Part 8
Almost simultaneously with the historic advances in civil rights achieved from 1964 to 1968, LBJ, emboldened by his landslide election victory over conservative Senator Barry Goldwater of Arizona, pushed Congress, both Houses of which were now controlled by Democrats with large majorities, to enact his massive Great Society expansion of Federal support for welfare programs. Tragically, these programs had unintended consequences for black families and black communities because they dampened economic incentives to marry and to hold a job and created debilitating dependencies on government support.
From 1890 until the explosion of the Great Society programs, the rate of marriage among black women in America was close to or higher than the rate of marriage for white women, and in 1964, fewer than 25% of black children were born out of wedlock. Black families generally were strong support units and provided the foundation of supportive social networks in black communities, notwithstanding the deprivations of racism in our country and the denial of equal civil rights. Similarly, black-owned businesses and other small local businesses thrived in many black communities, both in cities and in less urban areas, and often did so despite the repugnant restrictions of entrenched segregation.
But all of that rapidly changed for the worse after the Great Society welfare expansion rolled out. The welfare programs that received huge Federal expenditures, including Food Stamp benefits and State-administered Aid to Families with Dependent Children, targeted poor families, especially poor blacks, and in key respects they actively discouraged marriage, two-parent families, and the holding of a job—for example, by providing benefits to a woman with dependent children only so long as there was no father in the household and by cutting or eliminating benefits altogether if either parent was employed, even in a minimum-wage job.
Under the perverse incentives of these programs, the rate of out-of-wedlock births for black children shot up: By the 1990s, more than 70% of black children in America were born out of wedlock, and that alarmingly high level has remained fairly constant since, and today, more than 55% of all black children in our Nation are living without a father at home. The connection between the Great Society welfare expansion and the destruction of the two-parent black family is well documented.
For many who start out life in families whose income levels are low, there are three keys to avoiding sliding into the debilitating depths of poverty: finish high school, hold a job (any job), and stay married. Government programs that discourage marriage and work only worsen the level of persistent poverty, and that’s a big part of why our Nation has, unfortunately, failed to win the “War on Poverty” that LBJ launched with his Great Society policies.
With the collapse of strong two-parent families and with government incentives against working, black communities in many areas of our Nation have deteriorated. Businesses have gone under, crime has spiked, and drug use and gang activity have risen. Lots of small businesses that had served predominantly black communities were also put out of business by the burning and destruction of the urban riots that inflamed America’s inner cities in the summers of 1967 and 1968—destruction that had a long-lasting effect.

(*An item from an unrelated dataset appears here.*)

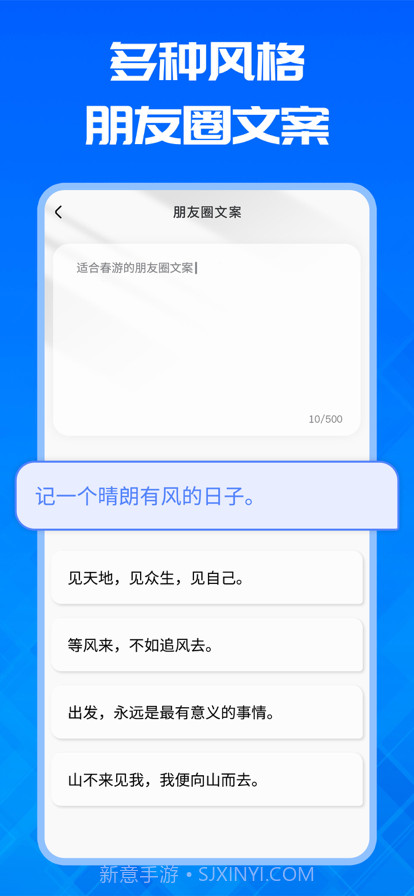 自动周报生成器截图4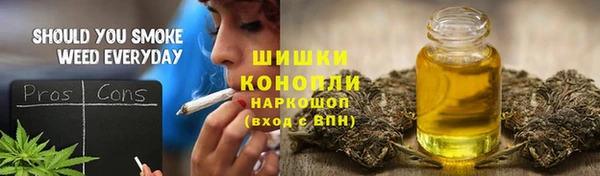 твердый Кукмор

Many of these communities remain unsafe for families, for children, for the elderly, for carrying on the ordinary and necessary functions of life in a civil society. In recent years, faced with the dogged challenge of these unacceptable conditions, many local leaders in America’s cities have failed to provide even the most basic and effective levels of community policing to protect life and property for the citizens whose lives are held down, threatened, and victimized by crime and insecurity.
And, of course, there is an extra-heavy personal burden on the children of broken families and broken communities: They have a harder time succeeding from a young age at school, gaining admission to the most selective magnet or technical high schools, and ultimately rising as employees in the ranks of private companies or thriving as professionals or business owners with independent control over their own economic lives.
The perverse policy choices of LBJ’s Great Society and the deterioration and destruction of black families and black communities have seriously undermined the truly great advances achieved with the Civil Rights Act, the Voting Rights Act, and the Fair Housing Act. Just as our Nation had approached the promised plateau of true equal civil rights for all Americans backed by the full and effective enforcement power of the Federal Government, the rug of opportunity was pulled out from under many of her most underprivileged citizens and most vulnerable communities. And the hardest impact fell on black Americans. Another sad and devastating part of our Nation’s history.